Creo, pues, que la solidaridad y la unidad de los mexicanos, son valores que deben aprovechar los gobernantes tal y como en su tiempo lo hiciera el presidente Lázaro Cárdenas, cuando México tuvo que pagar los activos de las compañías petroleras expropiadas. Y por si no se le ha ocurrido, habría que proponerle al señor presidente, que su gobierno ponga a funcionar un programa que fomente el ahorro de dólares en nuestro territorio. Permitame explicarle:
Como usted sabe, en Estados Unidos existen más de diez millones de nacionales que indocumentados o no trabajan y producen riqueza. Y que hay otro tanto (o más) que aunque naturalizado o nacido en las tierras del Tío Sam, vive orgulloso de su origen azteca y en tal virtud necesita vincularse con sus raíces, con su historia, con su cultura.
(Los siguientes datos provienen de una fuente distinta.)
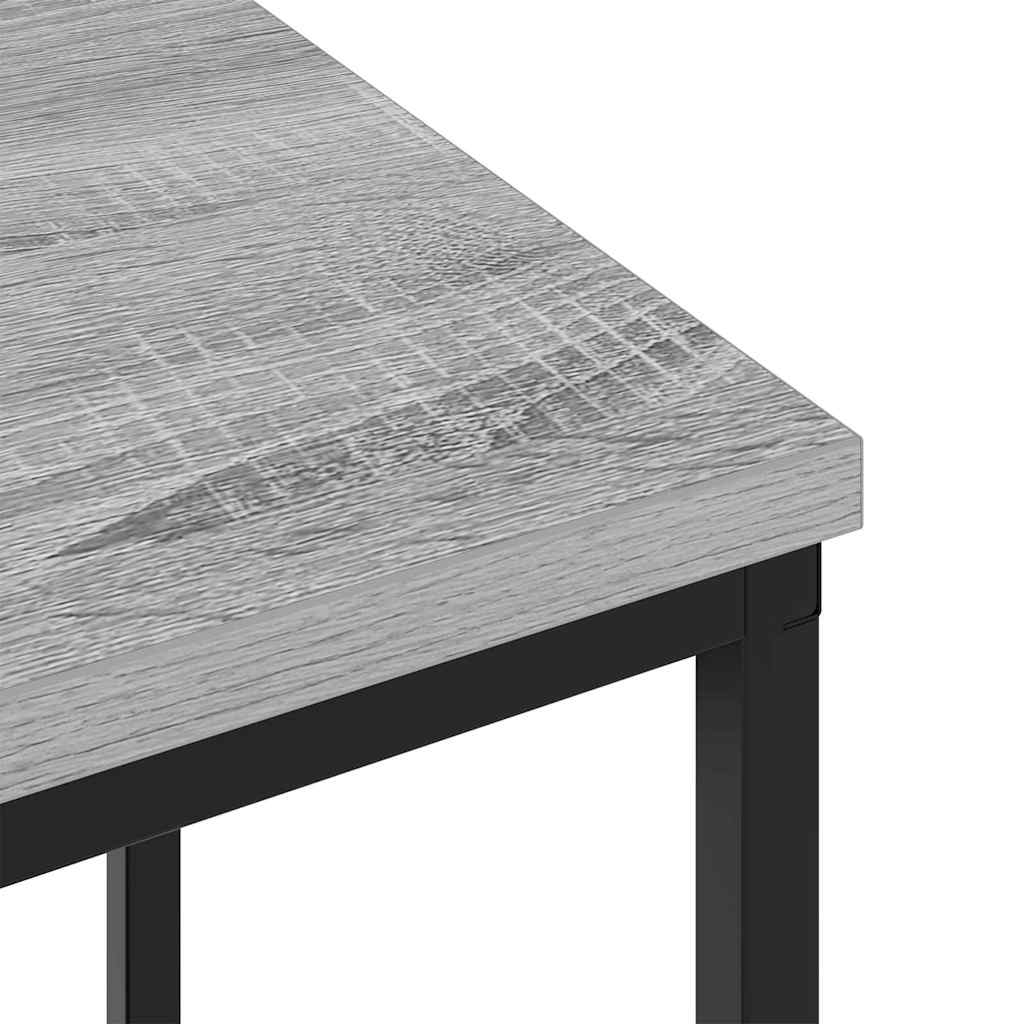 Nattbord 2 pcs Grå sonoma 38 x 30 x 48 cm Konstruert tre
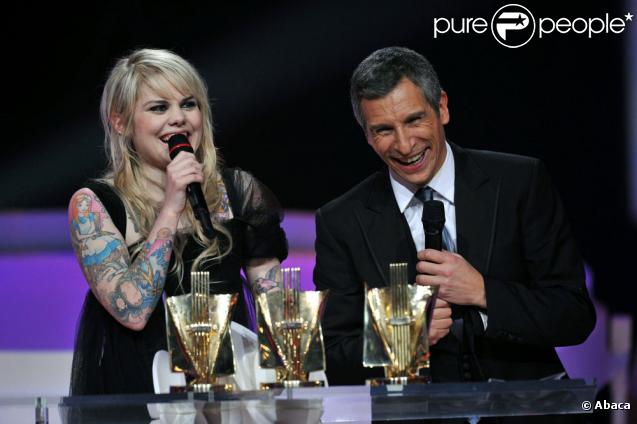 Nagui et Coeur de Pirate lors des dernières Victoires de la musique 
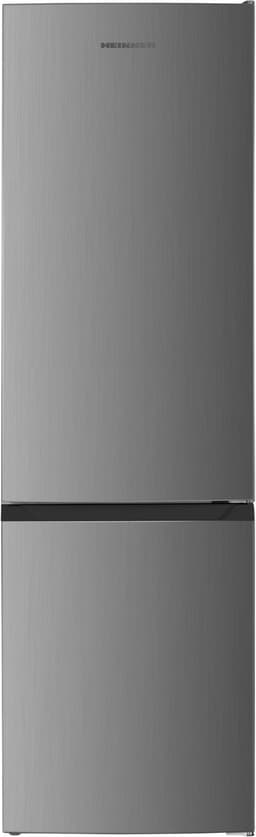 Heinner HC-HM262XE++ Koel-vriescombinatie – 262 L – Elektronische Temperatuurregeling – LED-verlichting – Omkeerbare Deur – RVS – 5 Jaar Garantie — thumbnail 1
De ahí que este columnista pregunte ¿por qué no se ha diseñado un sistema que permita a esas personas ahorrar e invertir en México; y por qué el gobierno no hace algo para captar parte del producto de ese trabajo que, además de beneficiar a los ahorradores con mejores intereses, inyectaría los dólares que necesita nuestra deteriorada economía?
Y mire usted, que podríamos hablar de varios miles de millones de dólares, a partir de los siguientes números que, a lo peor (me arriesgo), resultan como las cuentas del gran capitán.
Si cada mexicano radicado temporal o definitivamente en el vecino país, guardara en bancos mexicanos un dólar al día (tres por ciento de su salario mínimo por jornada laboral de ocho horas), México llegaría a captar más de tres mil millones de dólares cada año; esto sin contar los depósitos extraordinarios motivados por el patriotismo, la solidaridad y la unidad que distingue a los mexicanos. Nunca más la estabilidad de la nación dependería de la inversión especulativa o del capricho e inspiración de los coyotes financieros.
Como ve usted, el pueblo podría ser la salvación de las finanzas nacionales.